Department of Computer Science, University of Kentucky, 329 Rose St, Lexington, KY, 40508, USA.
Department of Plant Pathology, University of Kentucky, 1405 Veterans Dr, Lexington, KY, 40546, USA.
BMC Bioinformatics. 2024 Jun 4;25(1):205. doi: 10.1186/s12859-024-05811-9.
Although RNA-seq data are traditionally used for quantifying gene expression levels, the same data could be useful in an integrated approach to compute genetic distances as well. Challenges to using mRNA sequences for computing genetic distances include the relatively high conservation of coding sequences and the presence of paralogous and, in some species, homeologous genes.

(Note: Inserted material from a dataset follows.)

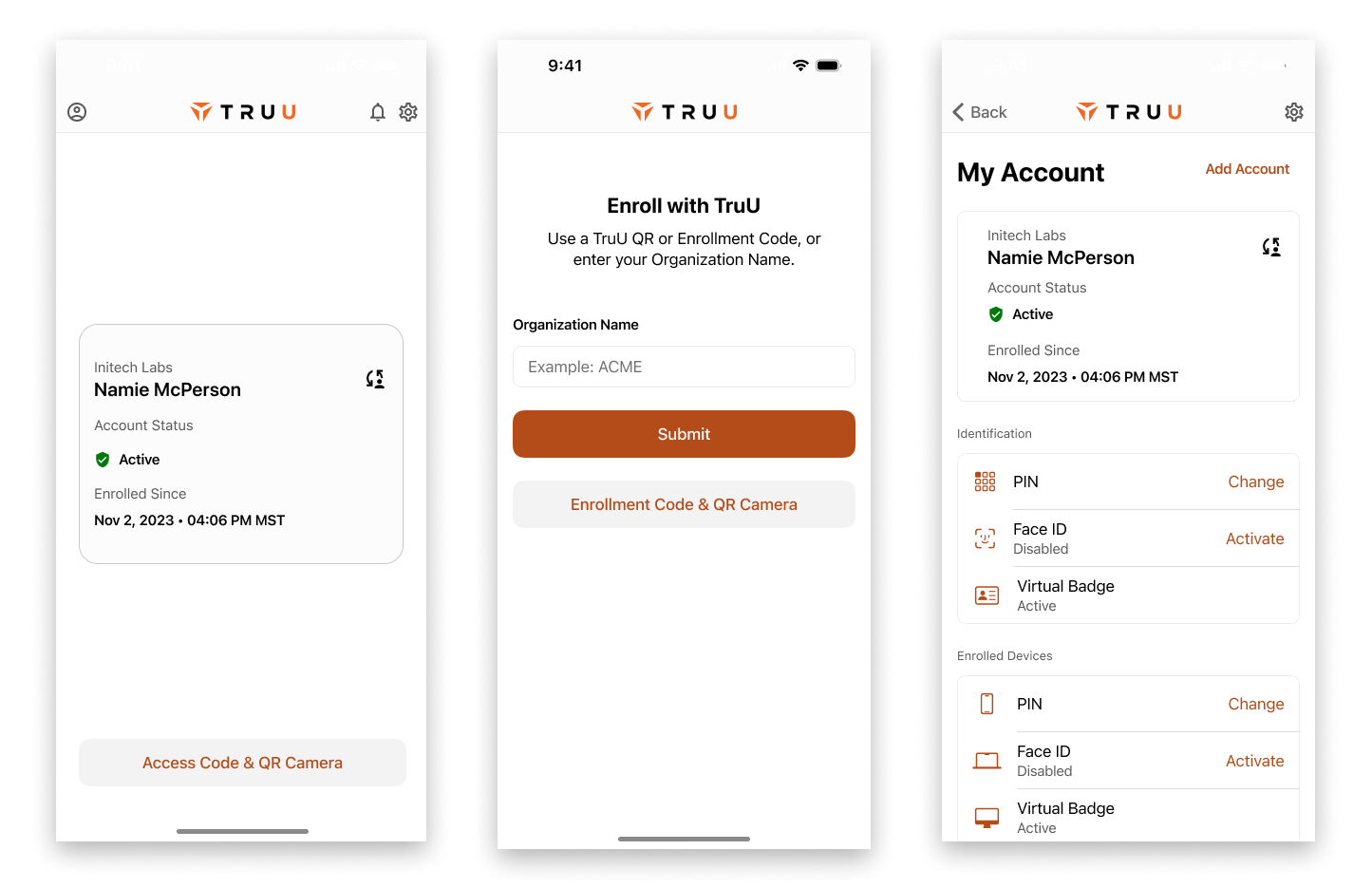 Three UI comps of new, fresh looking iOS light theme screens. A "welcome to TrUU"screen, the app home page, and the My Account page.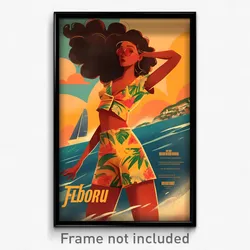 Brazilian Movie Poster - Girl Feeling Curiosity, Outgoing High Waist Shorts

We developed a new computational method, RNA-clique, for calculating genetic distances using assembled RNA-seq data and assessed the efficacy of the method using biological and simulated data. The method employs reciprocal BLASTn followed by graph-based filtering to ensure that only orthologous genes are compared. Each vertex in the graph constructed for filtering represents a gene in a specific sample under comparison, and an edge connects a pair of vertices if the genes they represent are best matches for each other in their respective samples. The distance computation is a function of the BLAST alignment statistics and the constructed graph and incorporates only those genes that are present in some complete connected component of this graph. As a biological testbed we used RNA-seq data of tall fescue (Lolium arundinaceum), an allohexaploid plant ( ), and bluehead wrasse (Thalassoma bifasciatum), a teleost fish. RNA-clique reliably distinguished individual tall fescue plants by genotype and distinguished bluehead wrasse RNA-seq samples by individual. In tests with simulated RNA-seq data, the ground truth phylogeny was accurately recovered from the computed distances. Moreover, tests of the algorithm parameters indicated that, even with stringent filtering for orthologs, sufficient sequence data were retained for the distance computations. Although comparisons with an alternative method revealed that RNA-clique has relatively high time and memory requirements, the comparisons also showed that RNA-clique's results were at least as reliable as the alternative's for tall fescue data and were much more reliable for the bluehead wrasse data.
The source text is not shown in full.